Alle sind jetzt auf Kaution frei, und es werden keine Anklagen unter dem Anti-Terrorrismusgesetz erhoben. Allerdings sind 19 Menschen - von Tuhoe, Te Atiawa, Nga Puhi, Maniapoto (indigene Stämme) und Pakeha (Europäer); indigene Aktivist_innen, Anarchist_innen, Anti-Kriegs- und Umweltaktivist_innen - immer noch wegen verstossen gegen das Waffengesetz angeklagt. Die Staatsanwaltschaft hat erreicht, dass alle Verfahren zusammen in Auckland verhandelt werden, obwohl die Mehrzahl der Angeklagten mehrere hundert km entfernt wohnt.
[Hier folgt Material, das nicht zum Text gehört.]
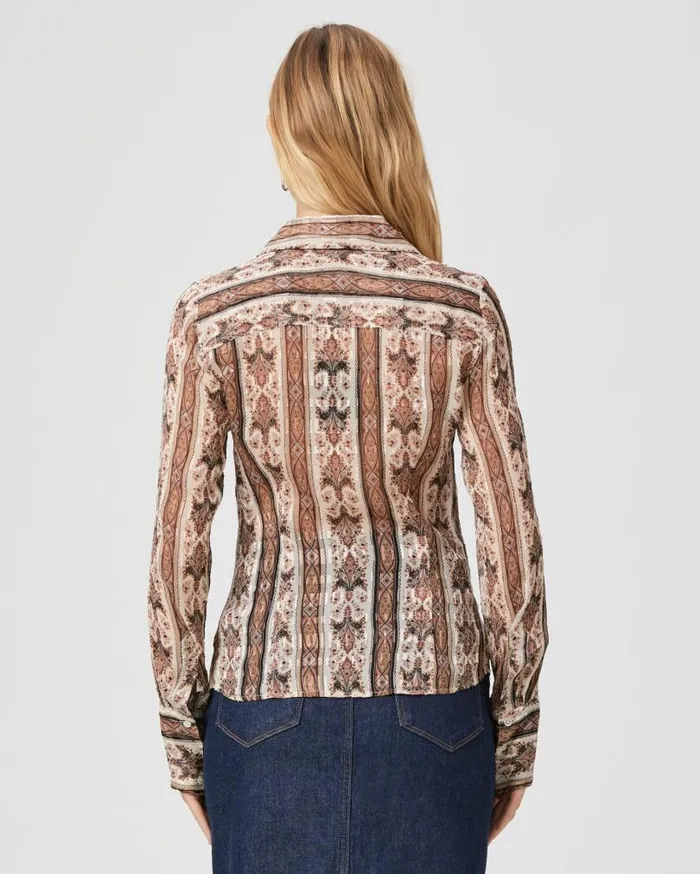 PAIGE Tops and Blouses Women Desano Shirt 8211 Buttercream Multi PAIGE Tops and Blouses Women Desano Shirt 8211 Buttercream Multi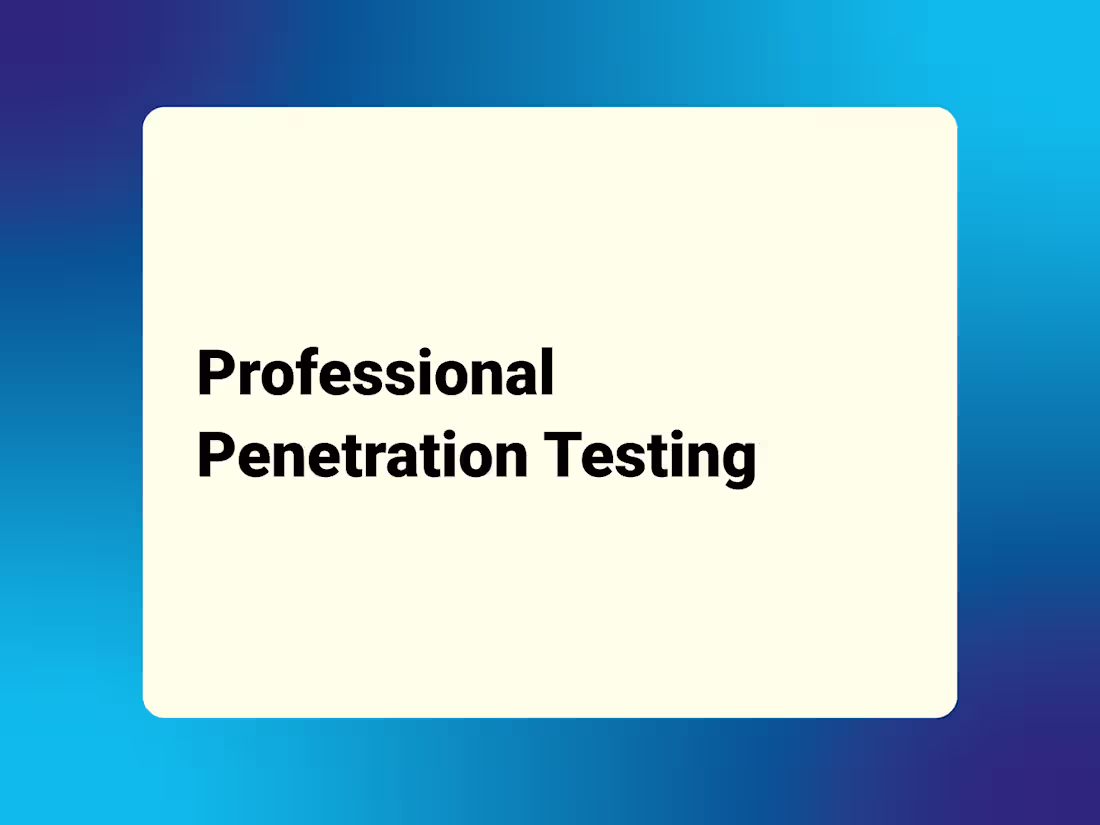 Cover image for Penetration Testing | PenTest for Web Application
Wir sind nun auf finanzielle und politische Unterstützung angewiesen. Wir brauchen dringed Geld für die ein-monatige Unterkunft während des Vorprozess in Auckland im September, für Transportkosten und die politische Kampagne.

Wir haben eine Powerpoint Presentation zusammengestellt und hoffen, dass Gruppen im deutsch-sprachigen Raum Solidaritätsveranstaltungen organisieren können. Ein Soli-Konzert in Basel (Schweiz) im Dezember brachte schon mal fast 1000 Euro in unseren Soli-Kasse!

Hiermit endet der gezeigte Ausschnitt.